With the molded finger grips at the head end, and flared throat to prevent over penetration, the spear itself balances nicely when held here, one handed. Two other grip points, in the form of a series of inset groves about midway and at the butt-end allow for a number of different holds.
Certainly in the places I'd want to be grasping a spear for close fighting, or in a shield wall, if that were my thing.
With a 20cm (8") head, featuring a rather impressive
flat grind bevel on both sides. It manages this by being extremely thick, at almost half an inch at the middle, which features some fluting and holes through the spine, which drops the wight a little.

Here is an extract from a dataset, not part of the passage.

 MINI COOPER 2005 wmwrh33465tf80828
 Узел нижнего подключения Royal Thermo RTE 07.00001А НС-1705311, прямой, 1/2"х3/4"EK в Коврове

All up this piece weighs 1kg (2.2lbs), mostly at the head. Given the solid design of the head, I expect that it would take a lot more abuse than the head of the Walking Axe, which as you may have read, experienced some structural failure (but not catastrophically) on my last camping trip, chopping firewood.
I expect the M48 spear to pack a lot more wallop, but a spear is not an axe. I'll have to give some thought to how to demonstrate this effectively. Once again, the length of the spear gave me pause. Longer than a knife, longer than a sword, but not really long enough to keep a foe at more than "arms length". The other option was hunting medium sized game.
I haven't had a chance to go out far enough away from prying eyes to fling it around, but at 1 kg, it makes for a pretty dense package for a thrown weapon. It would make a very substantial club though.
Still, it's size allows it to go a lot of places a full length spear like the Cold Steel Boar Spear just can't. Like across your back whilst scrambling up a ravine, or climbing through a building.
It will fit in a car boot, or even lashed to a bike. That big broad head isn't suited to spear-fishing, but I can imagine that in survival situations it would work nicely for both
sea-side wildlife and
deterring land predators.
Perhaps the most telling aspect of this spear is its cross section.
I used a pizza box to demonstrate the cross section, and you can see just how solid the M48 blade is. This thing pokes big holes.Perhaps not as wide or deep as the Cold Steel, but certainly broadly.
I've not really had much opportunity to put it thought its paces, the fox that took my last bunch of pet rabbits hasn't been back since I threw the Walking Axe at it (close is NOT a hit, in this case) but I think that local livestock protection and vermin control might well be the best option for this piece, until it comes time to go house-to-house and ventilate a horde.